Segment Start: Information supplied

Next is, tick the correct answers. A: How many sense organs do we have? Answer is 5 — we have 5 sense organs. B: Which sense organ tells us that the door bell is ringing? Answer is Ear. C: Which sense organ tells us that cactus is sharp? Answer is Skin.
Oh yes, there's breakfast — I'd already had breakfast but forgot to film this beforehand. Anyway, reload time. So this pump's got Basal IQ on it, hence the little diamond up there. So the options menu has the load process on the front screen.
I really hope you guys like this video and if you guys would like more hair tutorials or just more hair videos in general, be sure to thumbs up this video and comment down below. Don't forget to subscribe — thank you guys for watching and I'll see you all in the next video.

Segment End: Information supplied
Segment Start: Information supplied

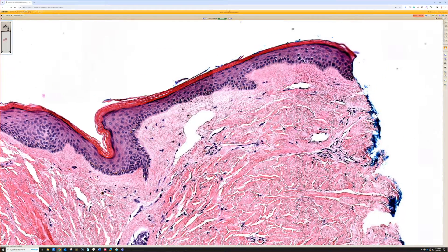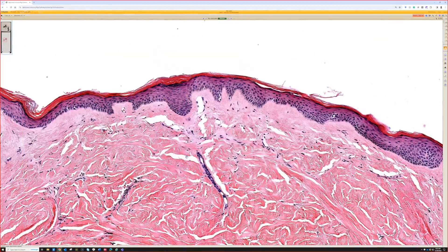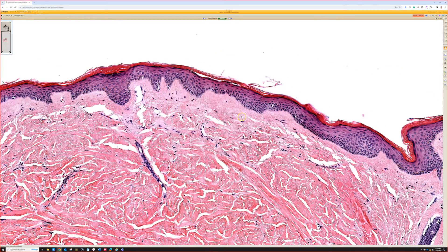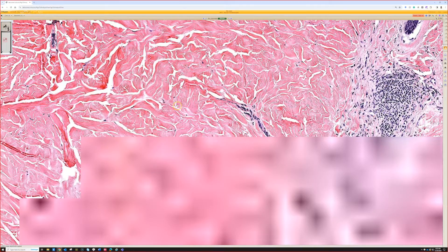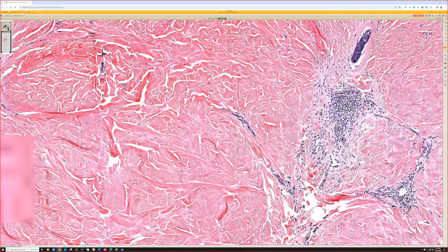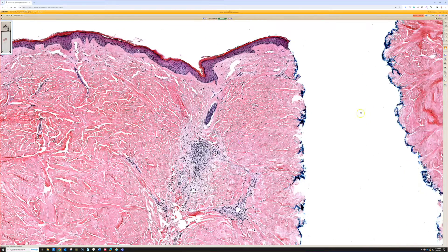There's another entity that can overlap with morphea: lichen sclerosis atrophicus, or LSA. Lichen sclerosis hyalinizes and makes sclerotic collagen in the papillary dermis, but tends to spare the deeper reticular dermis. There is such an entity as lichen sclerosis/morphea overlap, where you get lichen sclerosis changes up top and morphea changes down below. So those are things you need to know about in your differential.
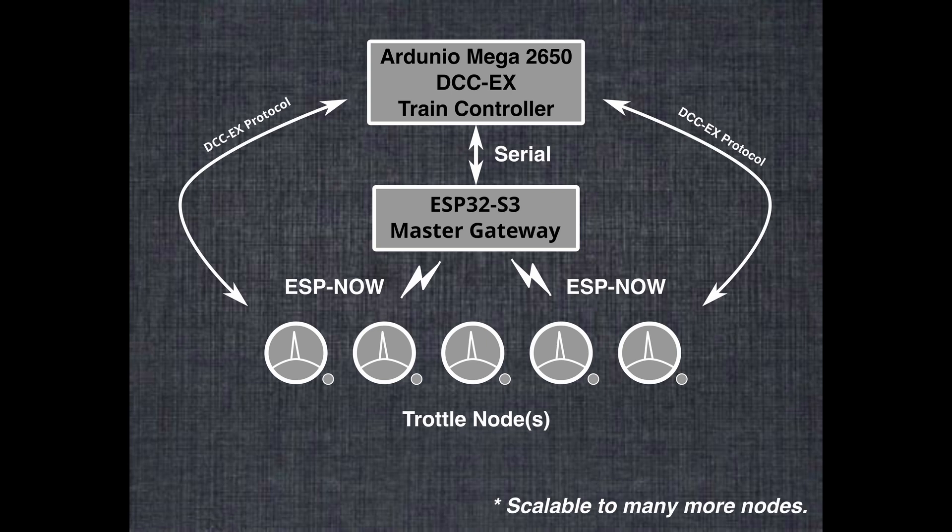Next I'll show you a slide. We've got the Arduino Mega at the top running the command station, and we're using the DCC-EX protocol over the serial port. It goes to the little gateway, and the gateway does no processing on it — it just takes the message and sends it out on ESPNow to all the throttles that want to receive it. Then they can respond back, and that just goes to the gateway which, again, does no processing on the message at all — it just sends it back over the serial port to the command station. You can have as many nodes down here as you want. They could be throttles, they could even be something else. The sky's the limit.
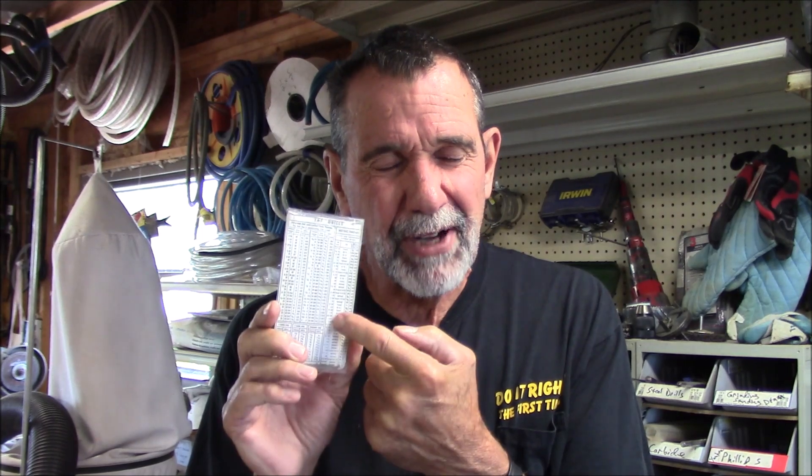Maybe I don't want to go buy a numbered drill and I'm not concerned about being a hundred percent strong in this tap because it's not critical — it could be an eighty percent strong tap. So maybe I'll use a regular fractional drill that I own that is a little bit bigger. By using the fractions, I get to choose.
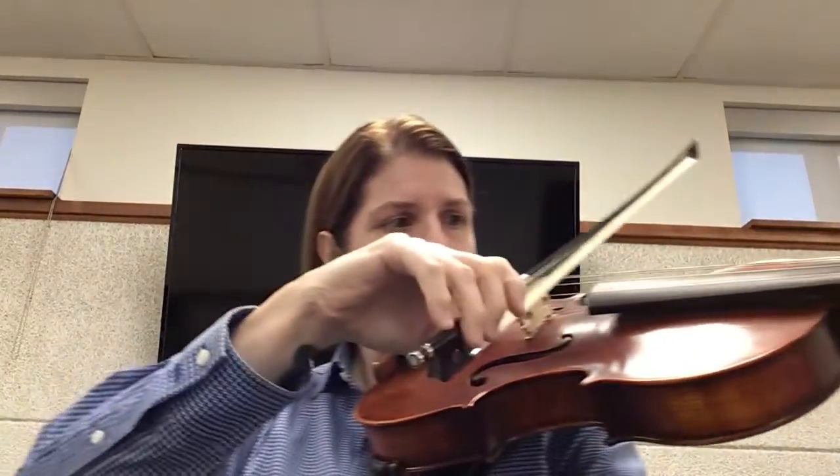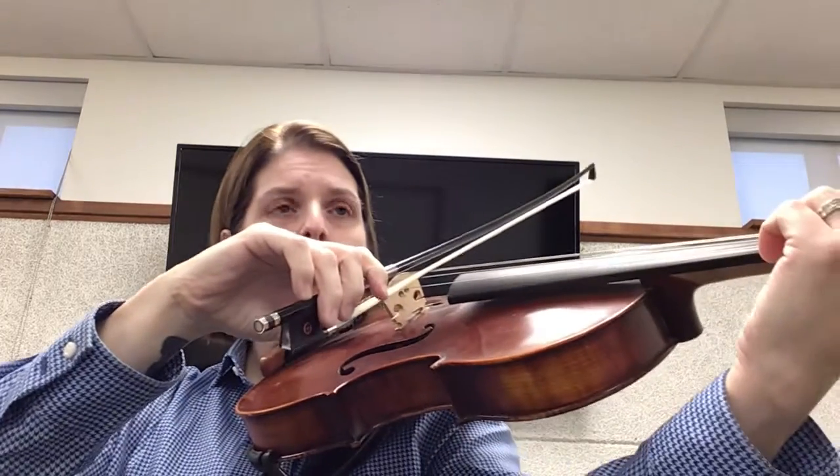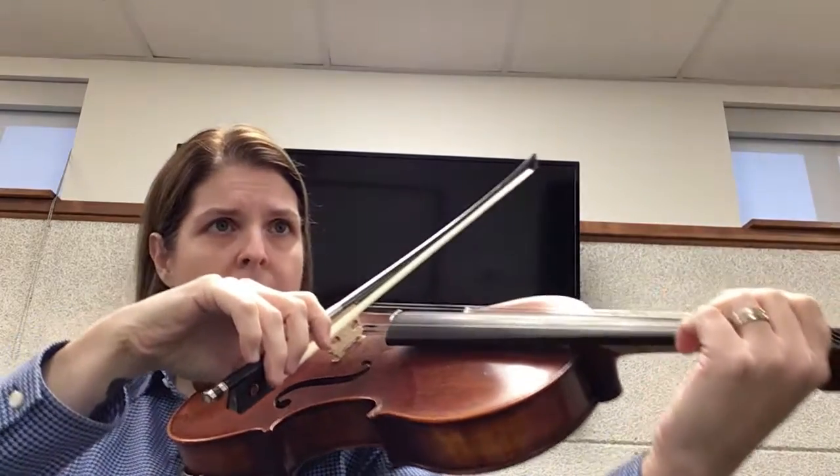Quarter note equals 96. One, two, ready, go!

Segment End: Information supplied

About this task:
An exact, complete copy of the lines above from the one with "Oh yes, there's" through the one with "I really hope" is the whole answer.

Task response:
Oh yes, there's breakfast — I'd already had breakfast but forgot to film this beforehand. Anyway, reload time. So this pump's got Basal IQ on it, hence the little diamond up there. So the options menu has the load process on the front screen.
I really hope you guys like this video and if you guys would like more hair tutorials or just more hair videos in general, be sure to thumbs up this video and comment down below. Don't forget to subscribe — thank you guys for watching and I'll see you all in the next video.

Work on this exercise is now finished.